Australia’s oil and gas industry faces its biggest shake-up in a generation with a wave of M&A activity poised to reshape the sector.

Woodside is now said to be in talks with BHP over the possible acquisition of the resource giant’s petroleum division.
Woodside is now said to be in talks with BHP over the possible acquisition of the resource giant’s petroleum division.

Australia’s oil and gas industry faces its biggest shake-up in a generation with a wave of M&A activity poised to reshape the sector, with BHP considering selling its $18bn petroleum division just days after Santos’s $23bn Oil Search merger pitch.

Vacant leadership seats at two of Australia’s biggest oil and gas companies, Woodside Petroleum and Oil Search, and the resurgent oil price have set the sector up for a significant consolidation that could reshape the Australian sector for decades to come.

Santos is in talks with a badly wounded Oil Search board over the terms of a mega merger after Oil Search let chief executive Keiran Wulff go this week, and chairman Rick Lee was forced to admit he had misled the market by denying the company had received a takeover offer during an investor call to discuss the company’s leadership spill.

And now Woodside is said to be in talks with BHP over the possible acquisition of the resource giant’s petroleum division, after it emerged BHP was again considering divestment of its remaining fossil assets.

The results of the deals, if they come to fruition, could dramatically reshape the listed resources landscape in Australia, creating two large-scale oil and gas companies with solid operational footings and projects that span the globe.

The “actual moves themselves and the direction of travel they suggest for the industry are not surprising.

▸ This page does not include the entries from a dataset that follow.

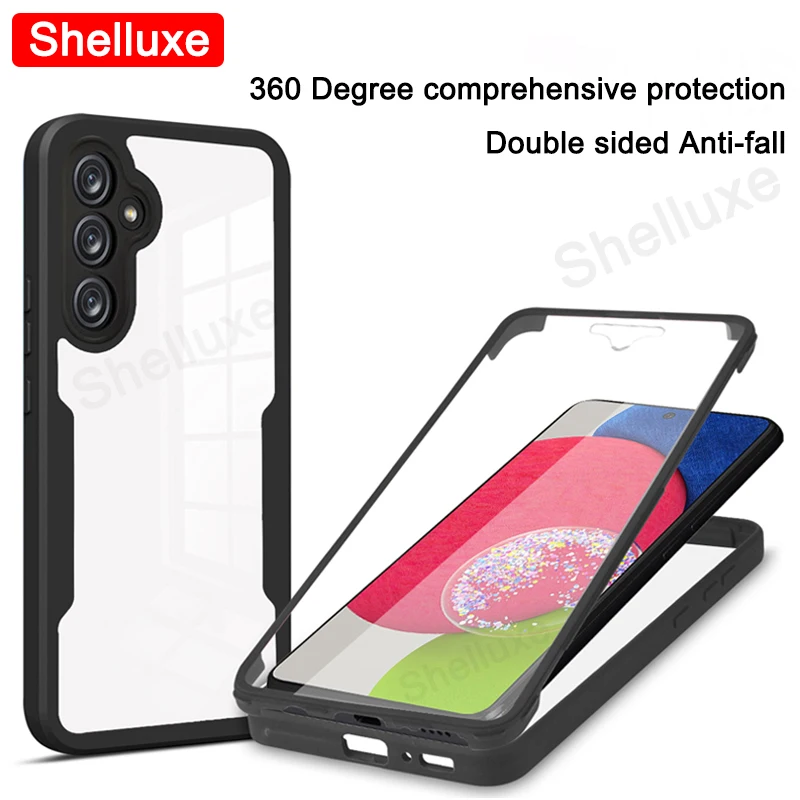 360 Full Body Clear Double-Sided Silicone Case Cover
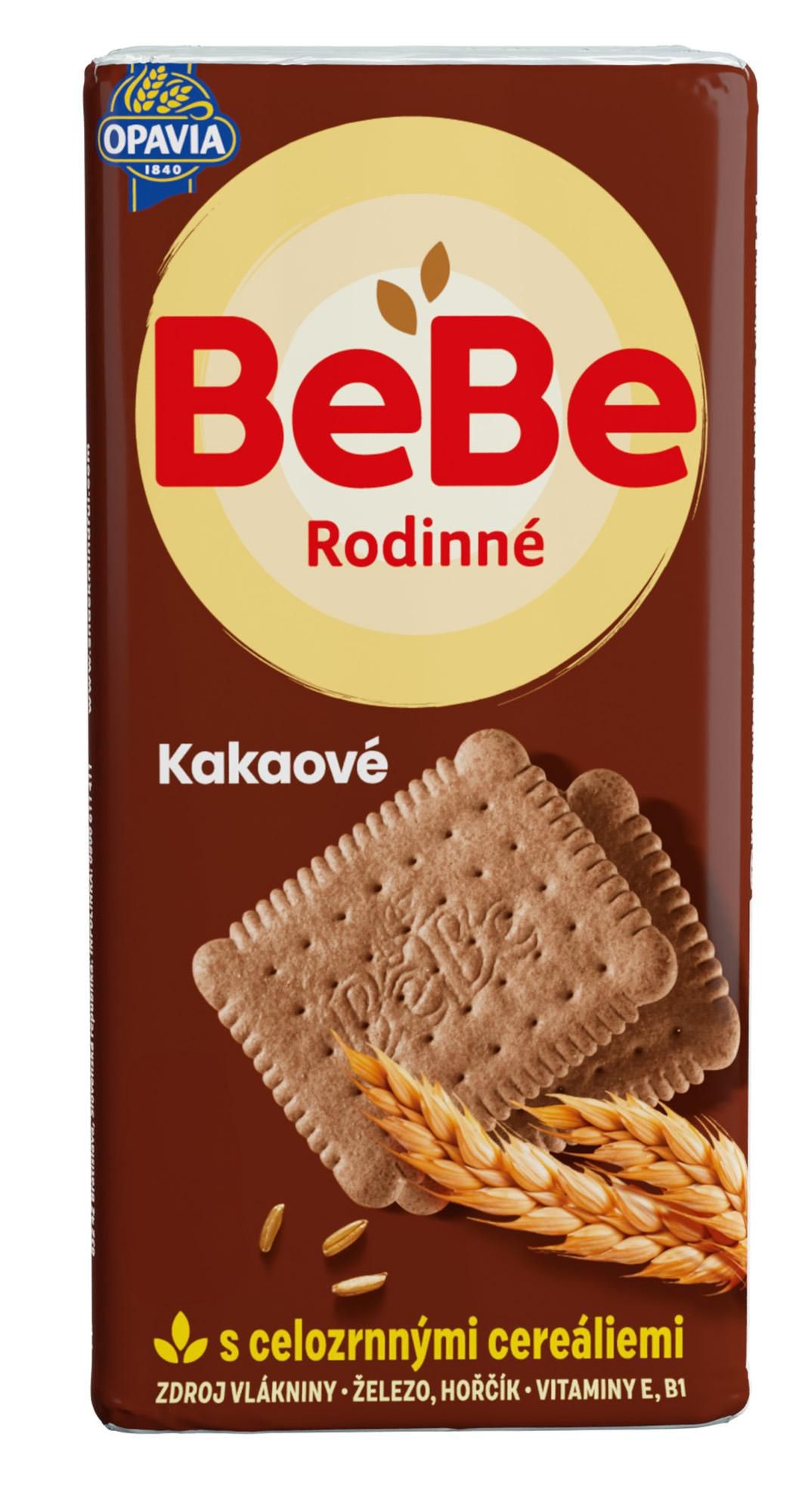 Trvanlivé potraviny - Opavia sušenky BeBe Rodinné kakaové cereální 130g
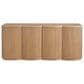 Furniture Worldwide Lumi 74" Credenza in Light Brown, , large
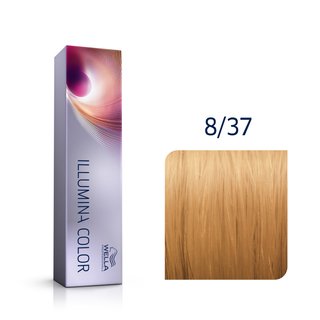 Wella Professionals Illumina Color vopsea profesională permanentă pentru păr 8/37 60 ml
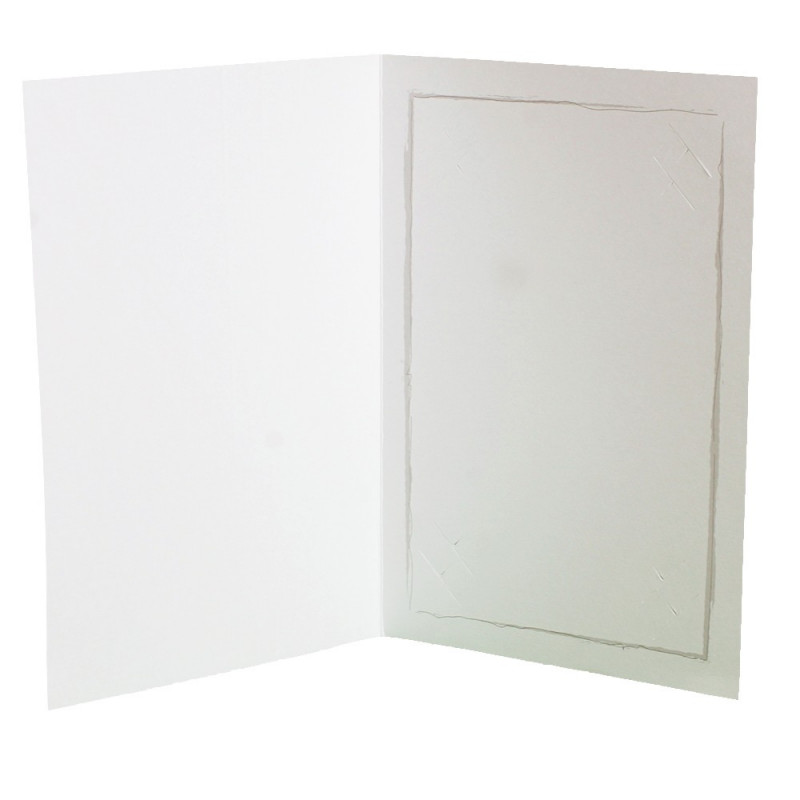 Lot de 11 cartonnages photo blanc Fusain 9x3-10x15 cm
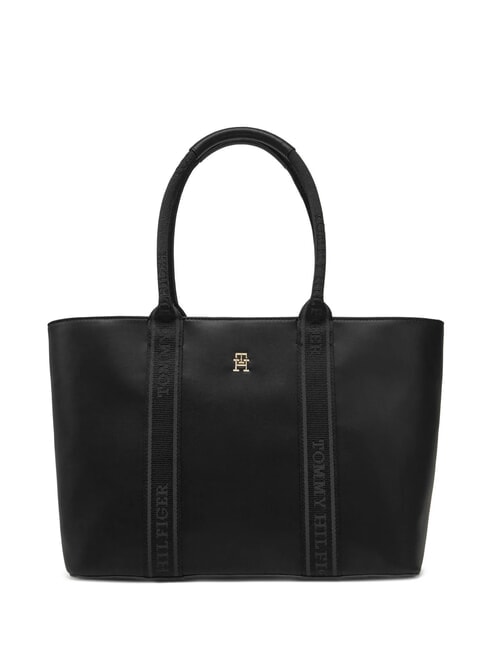 TOMMY HILFIGER TH LOGOTAPE Shoulder tote bag black - Women’s Bags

BHP’s core business is mining, and the role of its petroleum unit within the portfolio has been a discussion point for many years,” Wood Mackenzie research director Angus Rodger said.

“With scale and resilience set to be a crucial differentiator in the years ahead for upstream companies, there is also logic to this Santos and Oil Search tie-up.”

Santos’ potential merger with Oil Search would create a new force in Australia’s oil and gas sector with gas operations spanning both coasts of Australia, Papua New Guinea and an oil project in Alaska which WoodMac expects would be sold should the tie-up proceed.

At current market prices, Santos would leapfrog Woodside to take the crown as Australia’s biggest listed oil and gas company.

But that deal would be easily eclipsed if mooted talks between BHP and Woodside come to fruition. The mining giant’s petroleum business is valued at $US13bn ($17.8bn) on a bullish oil price view or $US10bn based on $US60 per barrel oil, Bernstein said on Wednesday.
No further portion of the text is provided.